## HOW TO COMPLETE THIS TASK
Instruction for the entries below: return the part that opens with the line containing "Baby Candy Pink" and closes with the line containing "NẤM ĐỐI KHÁNG", exactly, and no pictures.

## ENTRIES PROVIDED
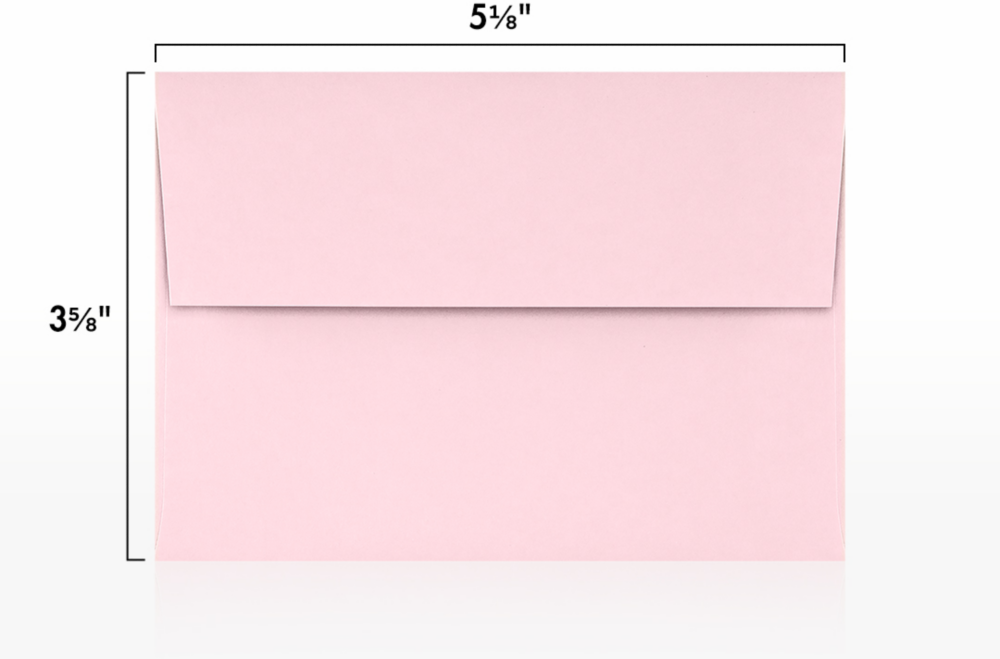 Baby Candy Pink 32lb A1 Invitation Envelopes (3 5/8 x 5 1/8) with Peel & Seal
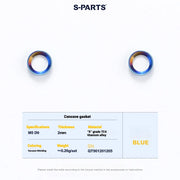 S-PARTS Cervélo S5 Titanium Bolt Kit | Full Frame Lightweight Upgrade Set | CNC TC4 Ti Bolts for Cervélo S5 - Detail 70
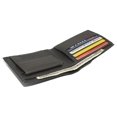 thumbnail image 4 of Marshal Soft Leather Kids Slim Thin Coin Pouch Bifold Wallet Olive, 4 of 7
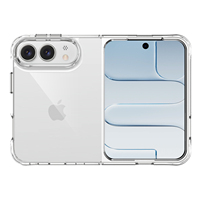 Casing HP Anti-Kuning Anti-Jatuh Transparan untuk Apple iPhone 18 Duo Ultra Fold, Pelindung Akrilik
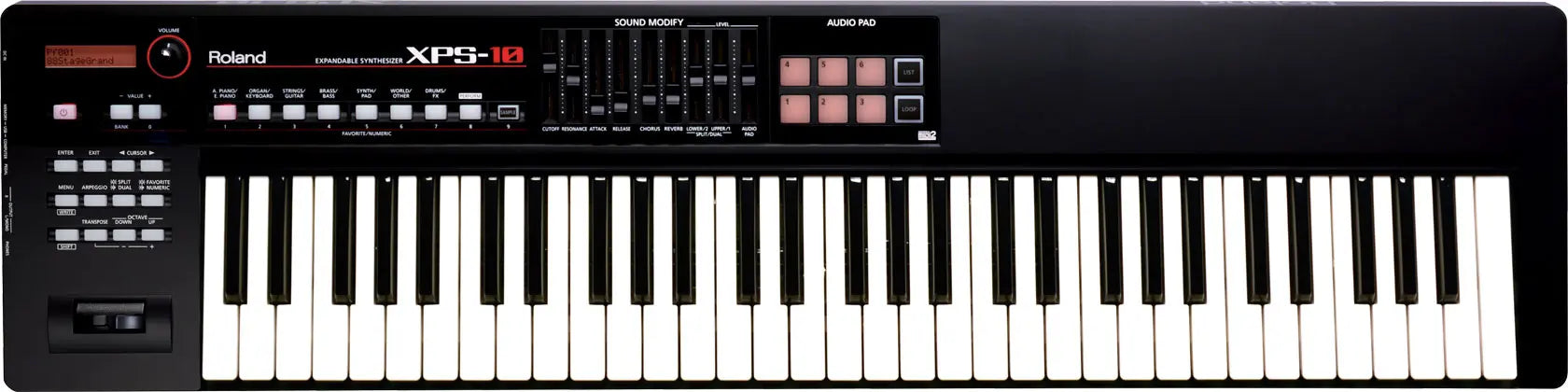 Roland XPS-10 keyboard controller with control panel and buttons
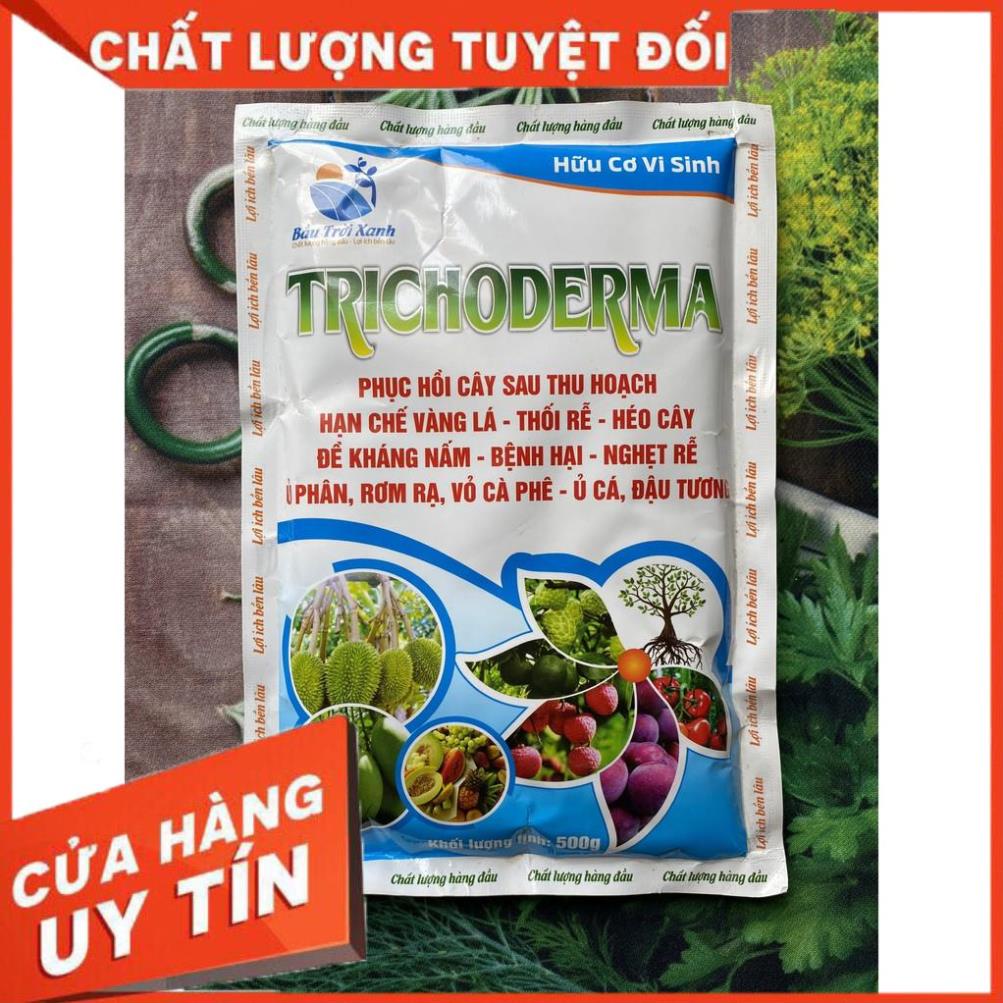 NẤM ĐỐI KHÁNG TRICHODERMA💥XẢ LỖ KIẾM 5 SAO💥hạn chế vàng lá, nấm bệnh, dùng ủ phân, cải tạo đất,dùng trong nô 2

==

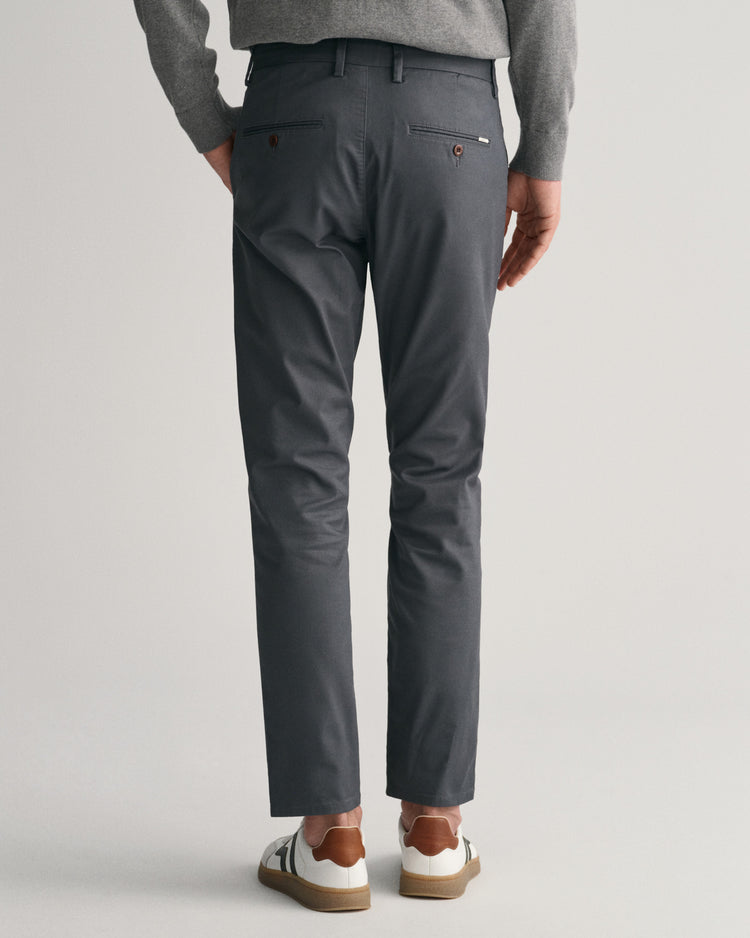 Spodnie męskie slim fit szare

---

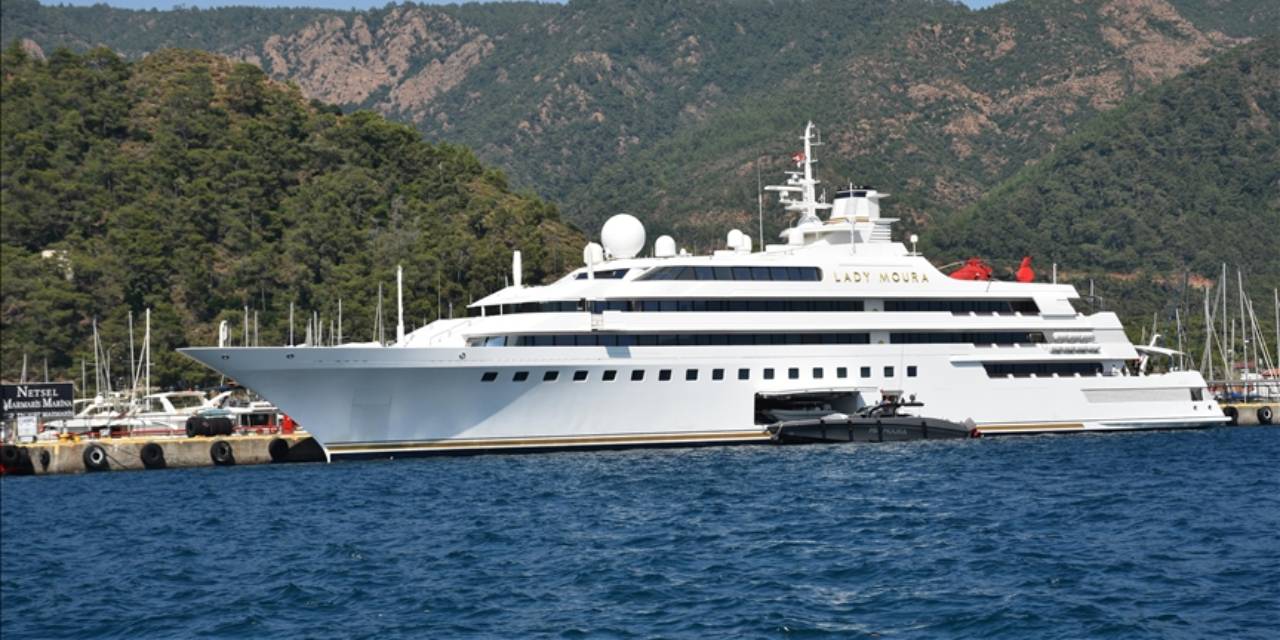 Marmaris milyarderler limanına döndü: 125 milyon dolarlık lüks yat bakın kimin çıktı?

## RESULT BELOW
 Baby Candy Pink 32lb A1 Invitation Envelopes (3 5/8 x 5 1/8) with Peel & Seal
 S-PARTS Cervélo S5 Titanium Bolt Kit | Full Frame Lightweight Upgrade Set | CNC TC4 Ti Bolts for Cervélo S5 - Detail 70
 thumbnail image 4 of Marshal Soft Leather Kids Slim Thin Coin Pouch Bifold Wallet Olive, 4 of 7
 Casing HP Anti-Kuning Anti-Jatuh Transparan untuk Apple iPhone 18 Duo Ultra Fold, Pelindung Akrilik
 Roland XPS-10 keyboard controller with control panel and buttons
 NẤM ĐỐI KHÁNG TRICHODERMA💥XẢ LỖ KIẾM 5 SAO💥hạn chế vàng lá, nấm bệnh, dùng ủ phân, cải tạo đất,dùng trong nô 2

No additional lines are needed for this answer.